Początkowo twierdził on, że nie ma do tego podstaw prawnych, jednak w związku z petycją, pod którą podpisało się ponad tysiąc osób, w tym m.in. pisarze Jacek Dehnel, Urszula Zajączkowska i Paweł Sołtys czy Justyna Sobolewska, zdecydował się odwołać jego występ.
Współpracę z Cejrowskim kontynuuje zaś warszawska agencja artystyczna STAO, która zapowiada, że nie ma zamiaru jej zrywać.
Na kilka dni przed inwazją Rosji na Ukrainę Cejrowski sugerował na antenie Radia Wnet, że Putin może "zostać sprowokowany":
-
Na wojnie bardziej zależy Bidenowi niż Putinowi.
Putin może najedzie albo nie najedzie, być może uderzy, żeby pasowało to do tej koncepcji lansowanej przez Zachód.(...) Celem Putina jest Ukraina, a nie wojna, a celem Bidena jest wojna" - powtórzył.

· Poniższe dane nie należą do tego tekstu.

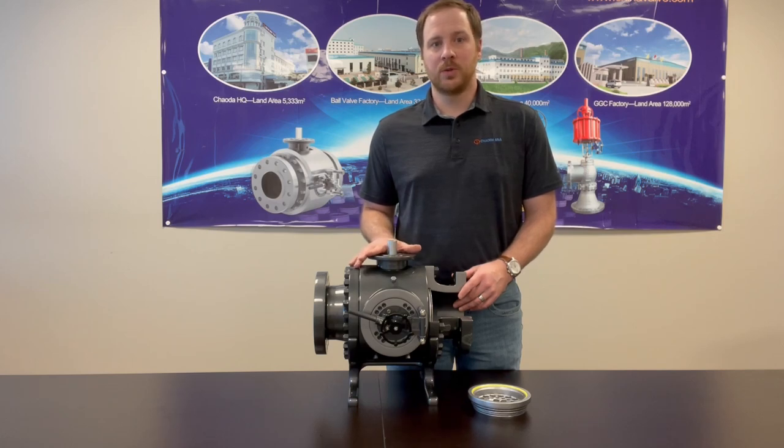Hi, I'm Josh Green with Chowda USA here in Houston, Texas. Today we're going to be talking about our uniquely designed pigging ball valve. The Chowda pig valve will greatly improve efficiency while increasing safety for all personnel during a pigging operation.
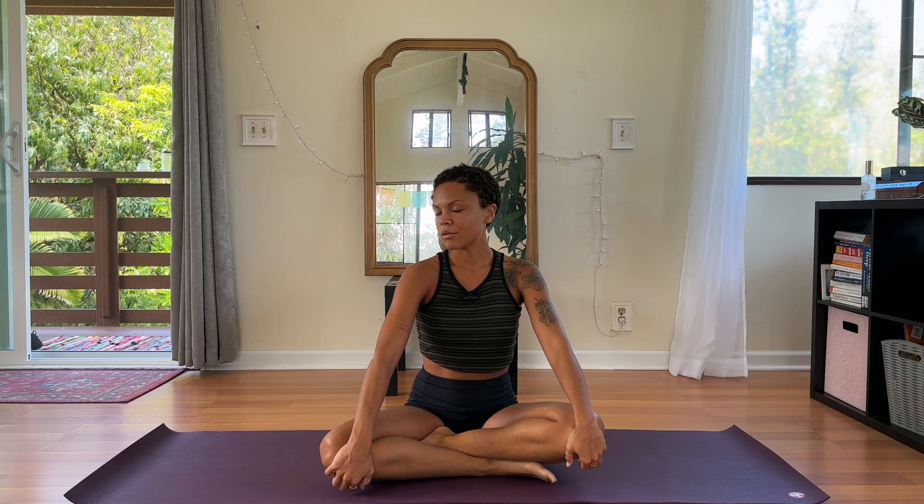Aloha and welcome to my channel. My name is Simran Shakti and today I will be guiding us through a very short, concise morning full body flow. We will begin seated in an easy seat, something that feels comfortable where you can have your spine straight and your body relaxed. If it feels good for you, you can bring your eyes closed or just lower your gaze.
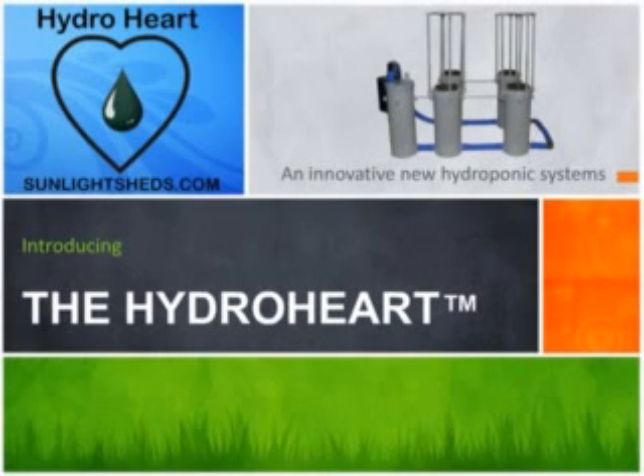The HydroHeart is an amazing new hydroponics watering system that brings a new level of automation and features to the indoor growing industry. This video segment will cover those many features and what sets this unit apart from the competition.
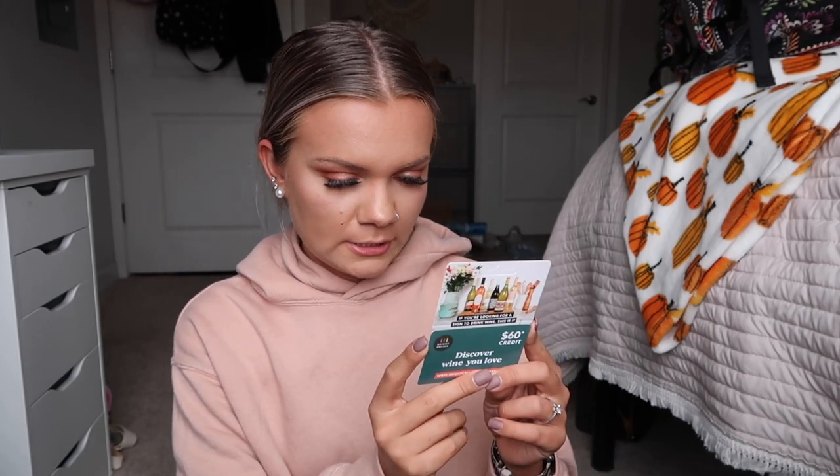They include a $15 off coupon for your first box, so if you're interested in getting a FabFitFun box, reach out to me in the comments or on Instagram and I'll send you that code. They also include HelloFresh coupon codes — my roommate Macy and I have been wanting to try that. I also got a $60 credit to Bright Cellars, which I believe is a wine subscription, and now that I'm 21 I can actually use it.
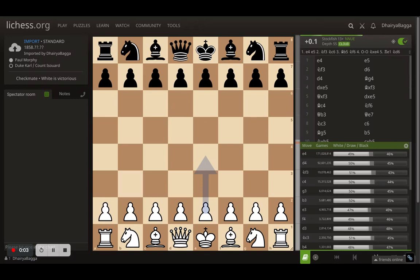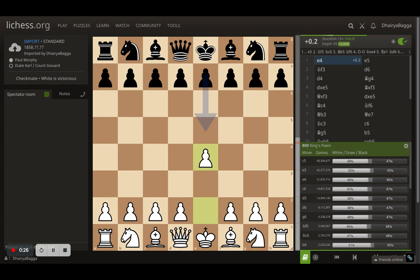The game I'm about to show you today is known as the Opera Game, or 'A Night at the Opera,' because it was played at the opera in Paris in 1858 between Paul Morphy — a very strong chess master of his era — against Duke Karl and Count Isouard, who had teamed up to play against him. This starts off with e4 by Morphy and the opponents respond with e5.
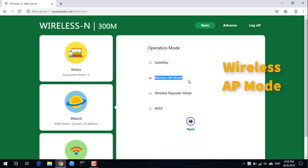On the operation mode screen, select wireless AP mode, then click Next.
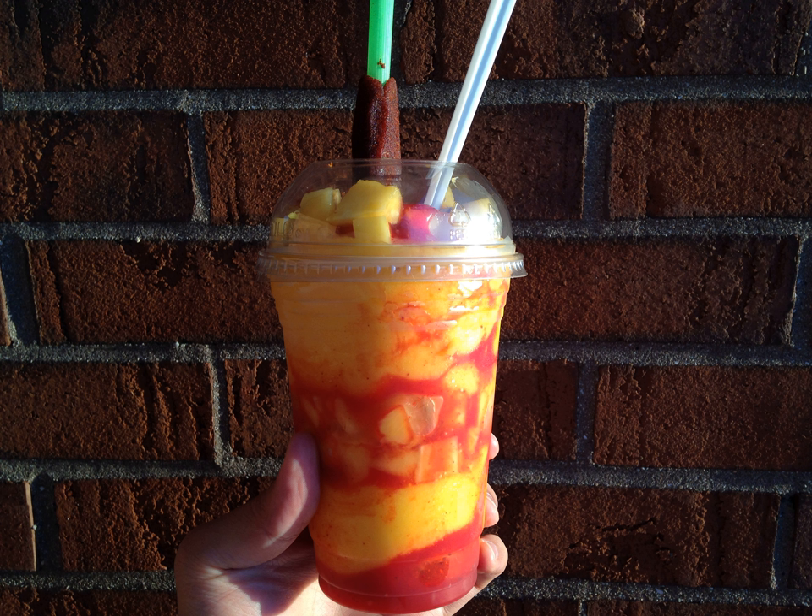Manganada or Chamango is a Mexican fruit drink. The drink is typically made with chamoy sauce, mangoes, lime juice, and chili powder, and is decorated with a tamarind straw.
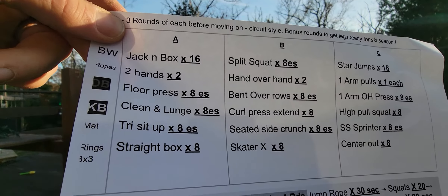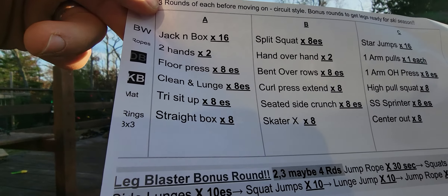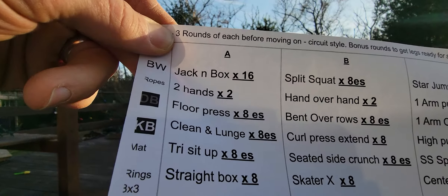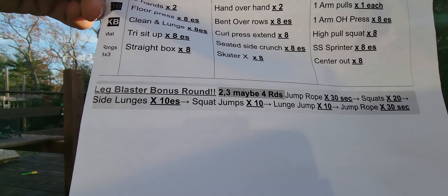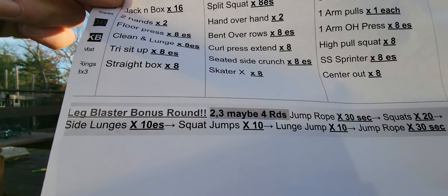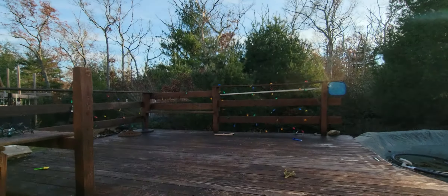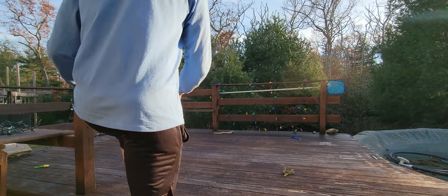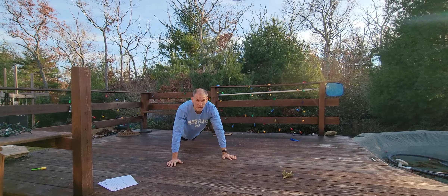Then we're gonna do our three rounds of a circuit style — moving around the room doing body weight, to ropes, to dumbbell, to the mat, to rings. Three by three: three rounds of A, three of B, three of C. Some people go through that real fast and might get four or five rounds of the bonus round in; otherwise maybe just two or three.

W materiale z 1 marca opublikowanym na Youtubie dalej usprawiedliwiał Putina:
- Putin się denerwował, że broń atomowa wkrótce na Ukrainie się pojawi, była sowiecka, teraz będzie amerykańska.
Wcielenie Ukrainy do Unii Europejskiej to też jest zagrożenie
, od kiedy Unia Europejska zaczęła mówić o własnych siłach zbrojnych, które też przecież będą nuklearne.
Nic dziwnego, że Putin wjechał, żeby zabezpieczyć swoje przody i tyły
- mówił.
- Myśmy kandydaturę Ukrainy do NATO i do Unii popierali, wciągaliśmy Ukrainę do europejskiej strefy wpływów, a nie zostawiliśmy jej neutralną - dodał.
W kolejnej rozmowie na YouTube z Andrzejem Rudnikiem tłumaczył, że nie chodziło o "poparcie Putina, ale analizę".
W jednej z wypowiedzi krytycznie odniósł się także do uchodźców wojennych:
- Teraz trzeba ich kochać. Niezależnie od tego, że był jakiś napad z nożem na sklep i on obiektywnie miał miejsce, zdarzył się. Nie wolno rozmawiać na ten temat. Nie wolno zapytać, czy to incydent pojedynczy, czy są to incydenty masowe. Nie wolno postawić takiego pytania władzy, bo już samo zadanie pytania to działanie przeciwko imigrantom, przeciwko tym biednym ofiarom i sierotkom. Jak rząd ustawia tak narrację, to jesteś pan bez wyjścia - powiedział.